![]() |
Tienda de telas de Felipe Brizuela. Casas Ibáñez. 1952 |
En estas horas de la mañana, por las rendijas de las puertas se cuelan los sonidos de la infancia, de los niños jugando en la fina arena que había esparcida en la terraza del Casino, mientras nuestros padres, confiados, nos dejaban solos, entraban a la verbena que había en el patio y se ponían a bailar al compás de Esperanza, un cha, cha, cha, de Antonio Machín. El baile enlazaba la música con los cuerpos, entre los que se filtraba la seducción, que duraba unos minutos. Los niños, tirados por el suelo, jugábamos con las chapas de cerveza, de limonadas, de tónica y cholet, que eran unos batidos de chocolate o vainilla. Y así pasábamos la tarde hasta que llegaba la hora de cenar.
![]() |
Mis padres, Carmen y Miguel |
En la cena, la música
continuaba, ya que, como para mí era todo un suplicio comerme unos trozos de jamón y pan, mi madre decidió hacer de aquello un juego en el que cada
trocito de jamón, que iba montado sobre otro de pan, de buenas a primeras se convertía en un músico. Sólo tenía que imaginármelo. Me cené toda la banda de
música.
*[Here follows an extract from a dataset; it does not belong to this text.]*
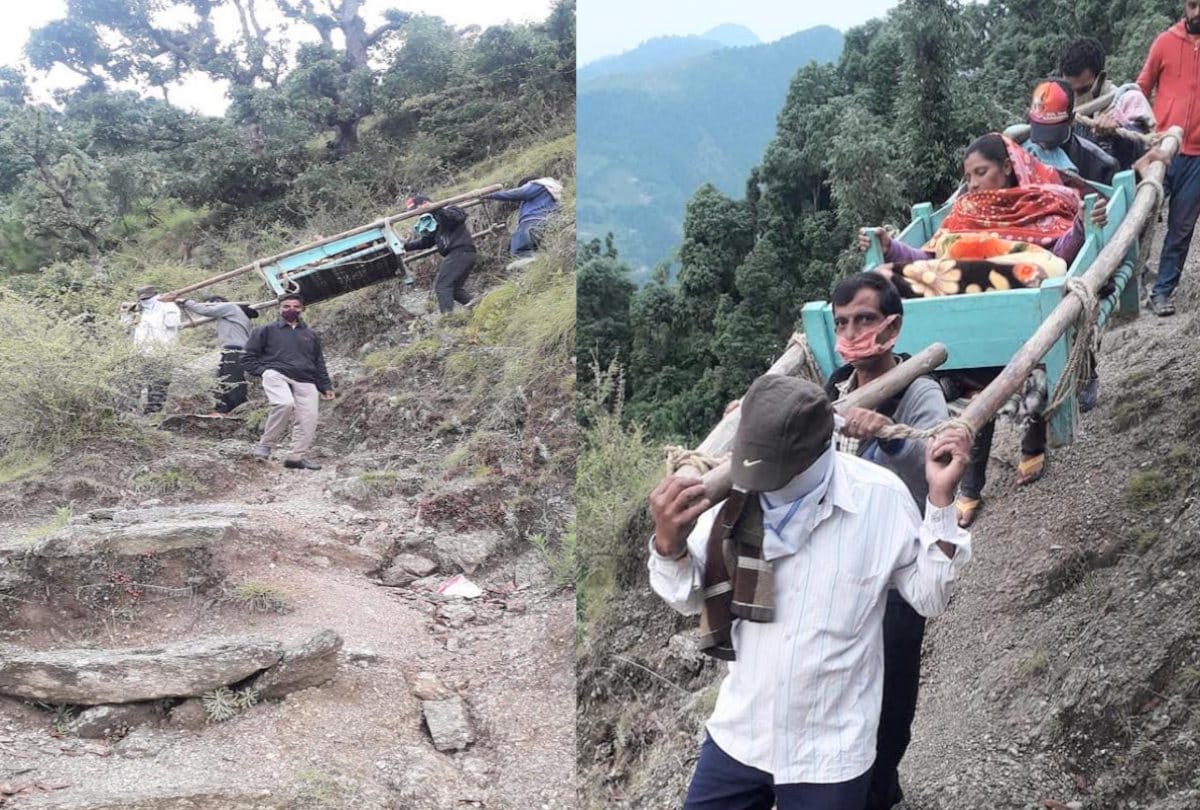 himachal: pregnant woman carried eight km in the palanquin to reach the road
Siempre me gustaba empezar por el chico que tocaba los platillos; a continuación, el del bombo; el tercero, el del fliscorno… Y así hasta que le daba a mis padres un beso y me iba
a dormir, custodiado por el Ángel de la Guarda, que venía a ser un espíritu
celeste algo afeminado y con malas pulgas, que estaba colgado en un cuadro en el
que había un aljibe, muy próximo a la figura de escayola de la Virgen.
![]() |
Mujeres en la cocina |
Veo a mi madre en
la cocina y a mi padre sonriendo en la puerta de la tienda de comestibles, en aquellas tiendas que olían a papel de
estraza, a carburo, a una energía caliente distribuida por las estanterías que
llegaba hasta la rama de plátanos, que colgaba del techo, y del vino a granel
que redimía a los pobres de solemnidad, como a Los
Pichillas, dos albañiles, hermanos, que, al salir del tajo, venían a beber “de fiado” y pagaban los viernes. O La Sacas, una señora alcoholizaba y
maloliente, que, al marcharse, nos obligaba a rociar el establecimiento con colonia barata
para que se disipase aquel olor nauseabundo. Recuerdos en si bemol, el recuerdo de mi padres, que ya no están,
esa imagen de ambos que se proyecta ahora mismo sobre mi corazón. Me
acuerdo de ellos muy a menudo. No pasa lo mismo con aquella
lista interminable de los reyes visigodos que había que aprenderse de memoria, o con el evangelio de los sábados… En estos casos, todo es muy vago… Alarico, Recesvinto,
Chindasvinto, Wamba…, y Rodrigo. Treinta y cinco reyes. Y también recuerdo la ropa de los domingos,
con aquella corbata de goma que se estiraba y me daba en las narices. Y a mi
tía Maruja vestida de manola en
aquella España de misa y mantilla.
![]() |
Trillando en la era |
Abro las puertas de
mi casa y aparece un afluente de imágenes de cada una de las cosas que ponen la
guinda a la existencia y le dan un sentido. Por ejemplo, la jaula de
grillos que hizo mi abuelo Celín, que era herrero, y en la que yo metía cucarachas y les ponía el
dedo índice entre los barrotes cuando se acercaban a olisquear. A cada bicho le
ponía un nombre. Siendo ya mayor, me enteré que Puyi, el último emperador de
China y sobre cuya biografía Bertolucci rodó El último emperador, también tuvo
una jaula de grillos en su infancia. Al final de sus días, terminó de jardinero.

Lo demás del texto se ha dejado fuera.